Filter list of files to those that exist

Question

How do I filter a list of files to the ones that exist?

For example,

echo 'a.txt
does/not.exist
b.txt' | <???>

would print

a.txt
b.txt 

Answer 1

You can ls -d the files and see which ones get some output. Since you have those in a string, just pipe the list and use xargs to be able to ls them.

To hide errors, redirect those to /dev/null.

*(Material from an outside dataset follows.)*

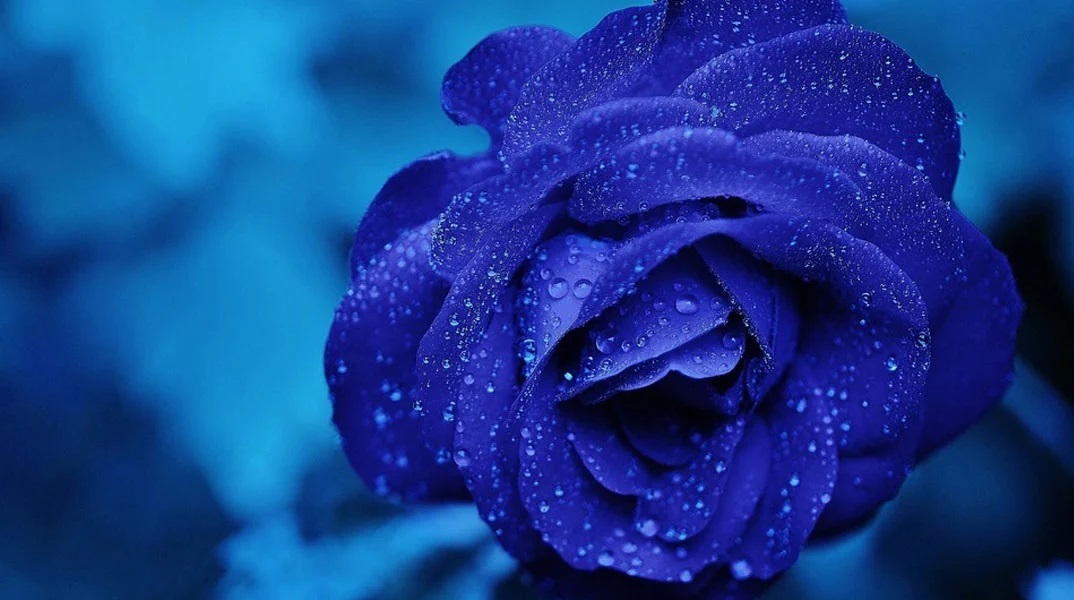 Εορτολόγιο: Σήμερα 10 Απριλίου 2023 γιορτάζει…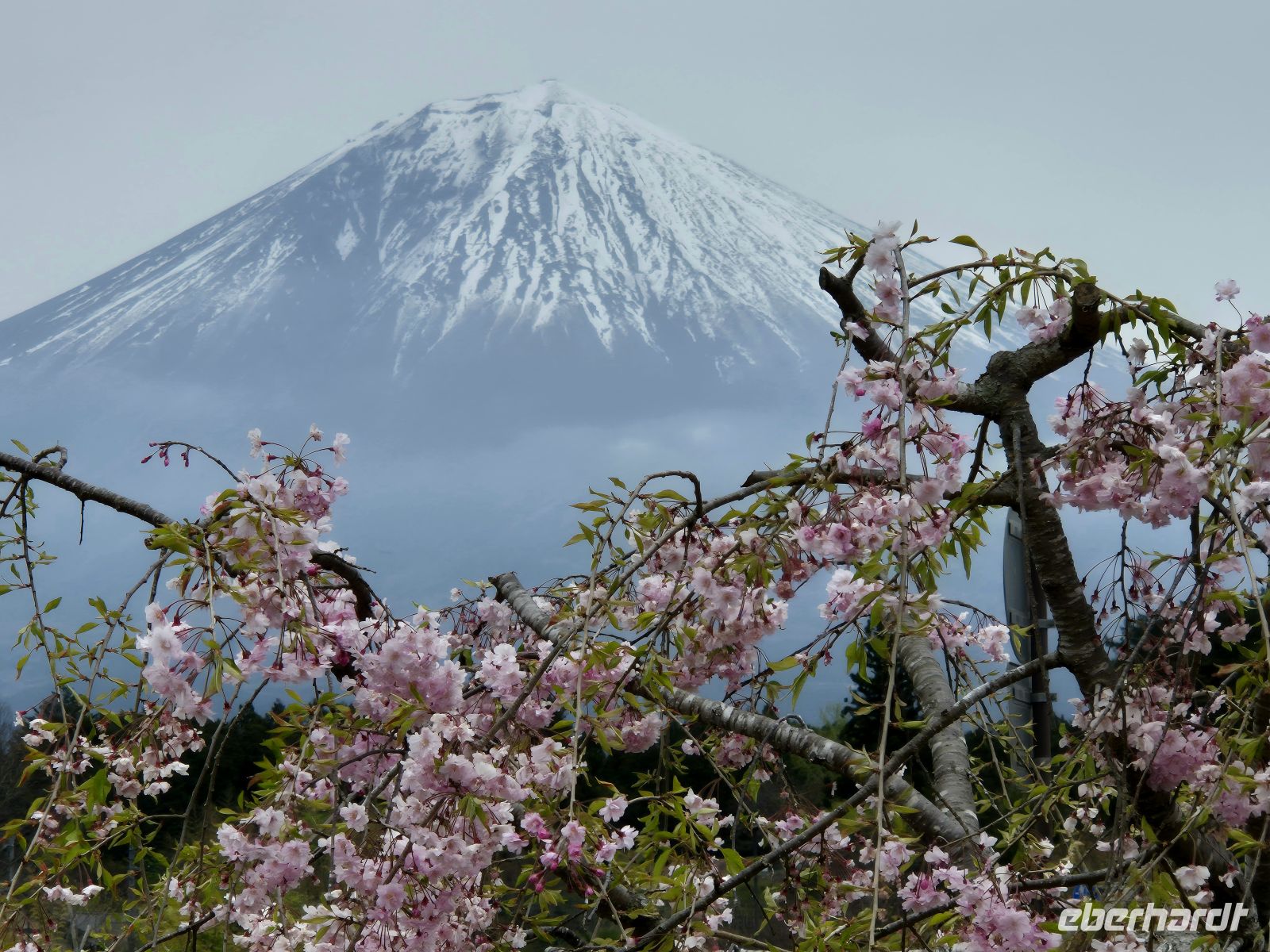 Mount Fuji &ndash; &copy;  (Eberhardt TRAVEL)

All together, xargs ls -d 2>/dev/null makes it:

$ echo 'a.txt
b.txt
other' | xargs ls -d 2>/dev/null
a.txt
b.txt

As you see, xargs ls -d executes ls -d to all the arguments given. 2>/dev/null gets rid of the stderr messages.

Answer 2

If you have GNU xargs, use -d '\n' to ensure that filenames (including directories) with embedded spaces are handled correctly, by splitting the input into whole lines rather than also by intra-line whitespace.

echo 'a.txt
does/not.exist
b.txt' | xargs -d '\n' ls -1df 2>/dev/null

Note:

• The ls command emits an error for each non-existent input path, which 2>/dev/null ignores, while echoing existing paths as-is.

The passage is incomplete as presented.